Cloud Firewall
The Cloud Firewall is a distributed firewall for managing network access to, from and between Brightbox Cloud Servers.
It’s controlled using the API, commonly using Brightbox manager or the CLI.
See this screencast for an introduction to using Brightbox Manager to configure firewall policies. Or see the Cloud Firewall guide for a step by step walkthrough of setting up the Cloud Firewall using the CLI.
Server Group
A Server Group is a logical grouping of Cloud Servers. Servers can be a member of one or more Server Groups, and can be added to or removed from them at any time.
Server Groups are a useful system in their own right, and will be the building blocks of other Brightbox features. See the Server Groups guide for more details.
Firewall Policy
A Firewall Policy represents a list of Firewall Rules and is associated with a Server Group. Rules are reapplied whenever the policy or group membership changes.
When first created, a Firewall Policy has no rules and has no associated Server Group.
A Firewall Policy can only consist of Firewall Rules that accept traffic, which means a Cloud Server can easily be controlled by multiple Firewall Policies without worrying about the ordering of the rules. A Cloud Server can have multiple Firewall Policies by being in multiple Server Groups. Any traffic that is not matched by an accept rule in any of the applied policies is rejected.
Firewall Rules
A Firewall Rule is a set of criteria for matching IP packets crossing the firewall. Packets can be matched based on source or destination address, protocol and source and destination ports. For protocol icmp, the icmp type can also be matched.
Direction
There is no explicit concept of incoming or outgoing rules - the direction of the rule is implied by the address criteria. So when matching on destination address, the source is considered to be the Server Group (so is an outgoing rule). When matching on source address, the destination is considered to be the Server Group (so is an incoming rule).
Address criteria
Source or destination addresses can be a few different types:
Address criteria | Description |
---|---|
any |
Any IPv4 or IPv6 address |
0.0.0.0/0 |
Any IPv4 address |
::0/0 |
Any IPv6 address |
srv-xxxxx |
A specific CloudServer. |
lba-xxxxx |
A specific Load Balancer |
grp-xxxxx |
All the Cloud Servers in a specific Server Group. The rule is automatically updated whenever the group membership changes |
192.0.43.10 |
A specific IPv4 address |
64.12.89.0/24 |
An IPv4 address with a network mask |
2a00:1450:400c:c02::93 |
A specific IPv6 address |
2a00:1450::/32 |
An IPv6 address with a network mask |
Both source and destination addresses cannot be specified in the same rule - one “side” of the rule is always the Server Group that the Firewall Policy is applied to.
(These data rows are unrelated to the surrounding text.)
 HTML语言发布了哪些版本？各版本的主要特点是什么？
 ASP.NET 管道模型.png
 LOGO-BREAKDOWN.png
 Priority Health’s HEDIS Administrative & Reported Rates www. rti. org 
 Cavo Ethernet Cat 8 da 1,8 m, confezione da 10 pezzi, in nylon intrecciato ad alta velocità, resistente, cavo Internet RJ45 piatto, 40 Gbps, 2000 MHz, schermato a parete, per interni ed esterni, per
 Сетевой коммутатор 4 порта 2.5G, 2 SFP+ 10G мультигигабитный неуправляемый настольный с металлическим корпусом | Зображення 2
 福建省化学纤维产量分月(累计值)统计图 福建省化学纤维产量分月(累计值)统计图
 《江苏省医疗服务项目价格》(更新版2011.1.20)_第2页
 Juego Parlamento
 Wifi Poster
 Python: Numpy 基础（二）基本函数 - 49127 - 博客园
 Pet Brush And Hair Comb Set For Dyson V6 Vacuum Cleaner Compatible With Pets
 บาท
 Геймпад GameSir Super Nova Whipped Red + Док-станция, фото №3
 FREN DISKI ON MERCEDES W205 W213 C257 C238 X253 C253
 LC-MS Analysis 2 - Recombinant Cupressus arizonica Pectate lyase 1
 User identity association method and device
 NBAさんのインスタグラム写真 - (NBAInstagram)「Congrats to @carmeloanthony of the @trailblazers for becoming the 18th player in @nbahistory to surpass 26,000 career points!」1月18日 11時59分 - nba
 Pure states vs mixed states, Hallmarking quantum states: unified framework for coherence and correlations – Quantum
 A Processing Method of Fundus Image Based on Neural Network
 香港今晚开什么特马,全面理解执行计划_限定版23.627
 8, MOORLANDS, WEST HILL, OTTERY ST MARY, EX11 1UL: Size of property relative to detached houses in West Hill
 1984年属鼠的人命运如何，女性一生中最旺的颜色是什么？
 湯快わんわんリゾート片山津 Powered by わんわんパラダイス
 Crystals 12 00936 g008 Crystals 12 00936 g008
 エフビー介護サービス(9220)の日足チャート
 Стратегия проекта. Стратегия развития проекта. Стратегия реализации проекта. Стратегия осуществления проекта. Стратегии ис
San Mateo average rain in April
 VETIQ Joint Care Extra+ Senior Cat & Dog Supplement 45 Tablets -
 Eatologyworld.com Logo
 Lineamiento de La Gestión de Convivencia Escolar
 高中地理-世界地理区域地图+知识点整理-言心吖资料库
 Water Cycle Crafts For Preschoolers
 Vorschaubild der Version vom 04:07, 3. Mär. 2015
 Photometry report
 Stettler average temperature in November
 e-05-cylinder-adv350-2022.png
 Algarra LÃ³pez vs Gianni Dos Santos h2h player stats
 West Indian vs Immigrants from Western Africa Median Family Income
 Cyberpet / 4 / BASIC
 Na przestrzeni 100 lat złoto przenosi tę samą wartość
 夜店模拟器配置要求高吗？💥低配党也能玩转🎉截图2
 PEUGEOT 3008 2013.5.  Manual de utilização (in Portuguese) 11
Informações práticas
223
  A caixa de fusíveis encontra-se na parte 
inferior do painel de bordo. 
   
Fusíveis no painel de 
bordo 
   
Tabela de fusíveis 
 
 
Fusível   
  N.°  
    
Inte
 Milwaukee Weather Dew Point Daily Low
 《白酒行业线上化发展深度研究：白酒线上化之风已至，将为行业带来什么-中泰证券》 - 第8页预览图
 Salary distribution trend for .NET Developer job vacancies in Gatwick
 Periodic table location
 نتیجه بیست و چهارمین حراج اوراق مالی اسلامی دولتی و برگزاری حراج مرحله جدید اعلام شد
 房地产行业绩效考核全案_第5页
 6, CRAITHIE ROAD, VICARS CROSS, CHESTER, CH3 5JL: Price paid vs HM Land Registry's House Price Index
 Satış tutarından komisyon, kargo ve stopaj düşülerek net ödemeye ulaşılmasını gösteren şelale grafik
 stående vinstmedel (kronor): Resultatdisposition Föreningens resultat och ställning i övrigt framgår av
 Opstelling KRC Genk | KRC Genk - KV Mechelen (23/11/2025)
Note that servers within a Server Group cannot reach each other unless there are both rules allowing traffic destined to and originating from it.
Protocol Criteria
Protocol can be specified as an 8bit integer so you can match any IP
protocol, but for convenience the strings tcp
, udp
or icmp
are
also accepted.. Not specifying a protocol matches all IP protocols.
Port Criteria
Ports can only be used with protocols tcp
and udp
. Source and
destination ports can be specified in a few different ways:
Port criteria | Description |
---|---|
22 |
A single port |
80,443 |
A comma separated list of up to 15 ports |
6667-7000 |
A range of ports |
Not specifying a port matches all ports.
Stateful
The Cloud Firewall is stateful, so you only need to write a rule in one direction - you do not need to worry about the reply packets coming back the other way.
Also, removing rules will only affect new connections. Existing established connections will not be disconnected mid-stream.
For tcp
, an established connection is any connection that has passed
the three way handshake and hasn’t yet sent the final FIN packets.
udp
isn’t a real stateful protocol, so we consider a udp
“connection” open for 30 seconds after each packet.
icmp
isn’t stateful either, we consider an icmp “connection” open
for 30 seconds after receiving an icmp echo request.
Default Firewall Policy
Every account has one default Server Group that all newly created servers become a member of (unless you explicitly put them in a different group). That group has a Firewall Policy applied with some default rules.
For customers who signed up before 2nd November 2011, the default policy is to accept all traffic in both directions (just as it did before the Cloud Firewall was implemented).
For customers who signed up after 2nd November, the default policy is as follows:
Protocol | Source | Source Port | Destination | Destination Port | Icmp type |
---|---|---|---|---|---|
- | - | - | any | - | - |
icmp | any | - | - | - | echo-request |
tcp | any | - | - | 22,80,443 | - |
- | grp-xxxxx (default group) | - | - | - | - |
Which means allow all outgoing traffic, allow incoming icmp pings, allow incoming tcp ports ssh, http and https, and allow incoming connections from all other servers in the default group.
So incoming access is restricted to some commonly used ports, but all servers in the group can reach each other openly.